▶ [Provided data]
══════════════════════════════

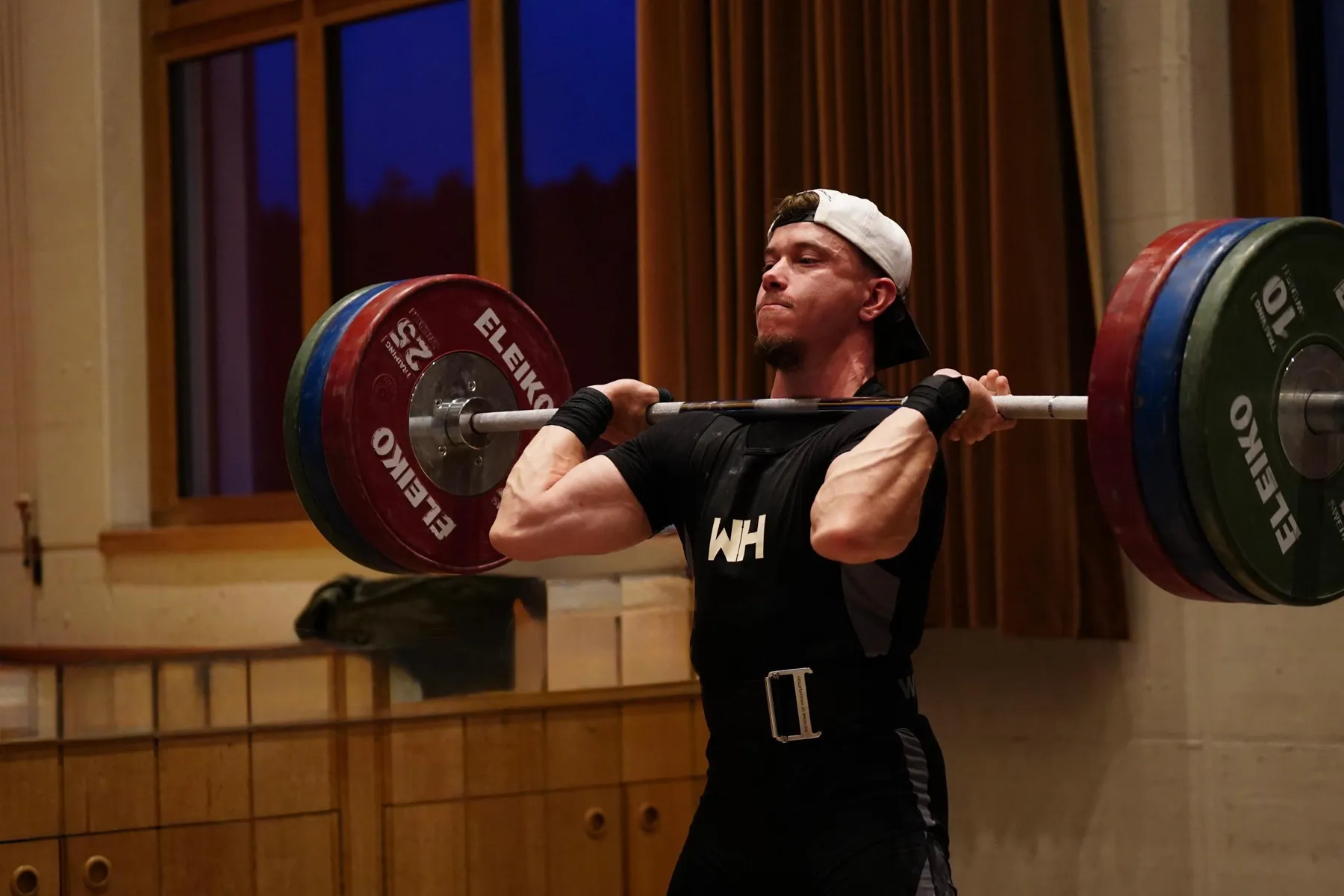 Patrick Cornes front squatting in a weightlifting gym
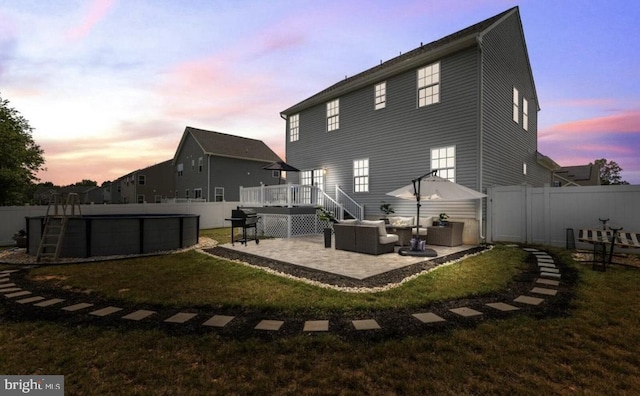 back house at dusk featuring an outdoor hangout area, a lawn, a patio, and a swimming pool side deck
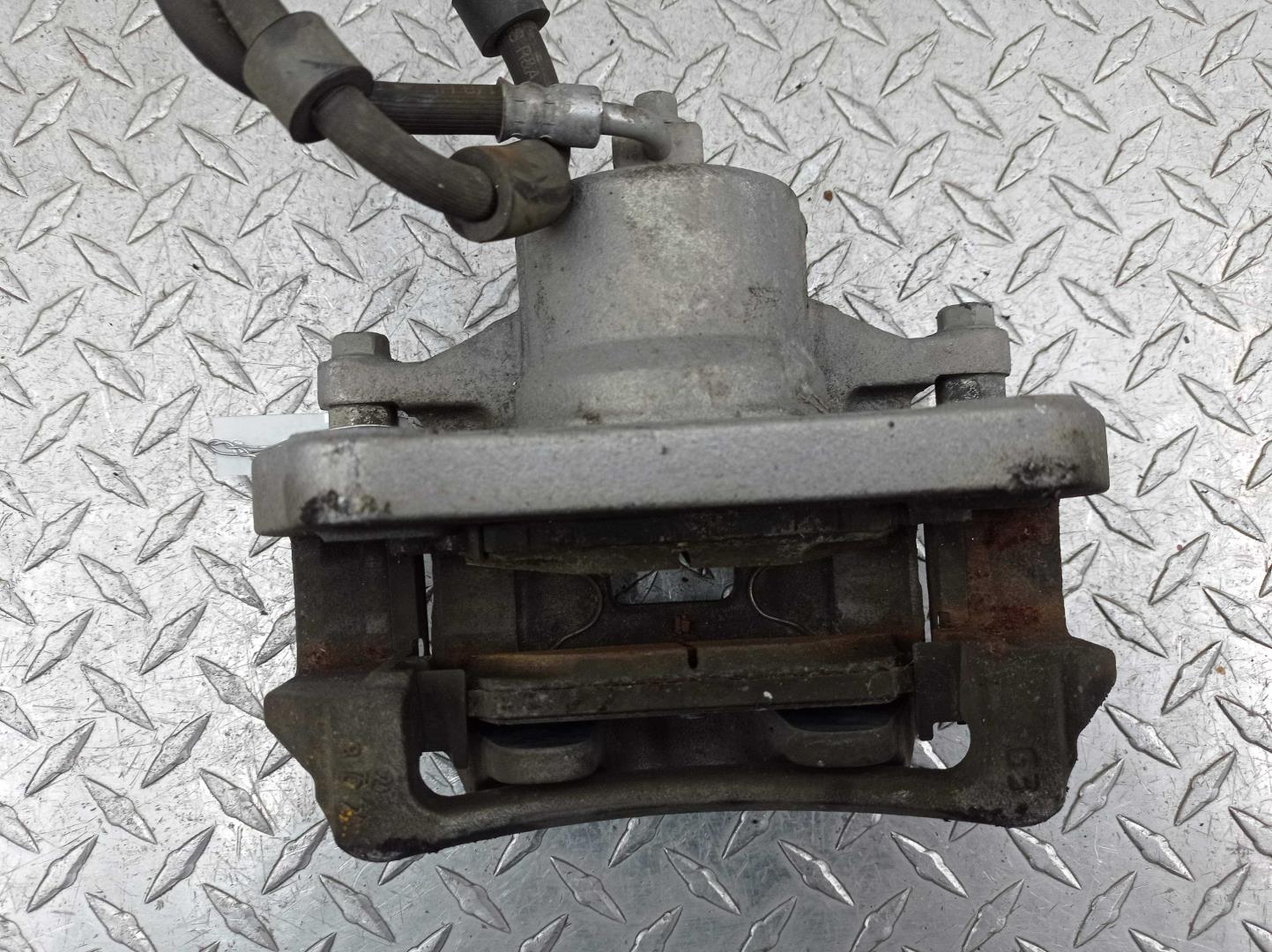 Суппорт передний левый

══════════════════════════════

▶ [Task goal] With every picture left out, print exactly the lines from the one containing "back house at" through the final line of the material above.

▶ [Output below]
 back house at dusk featuring an outdoor hangout area, a lawn, a patio, and a swimming pool side deck
 Суппорт передний левый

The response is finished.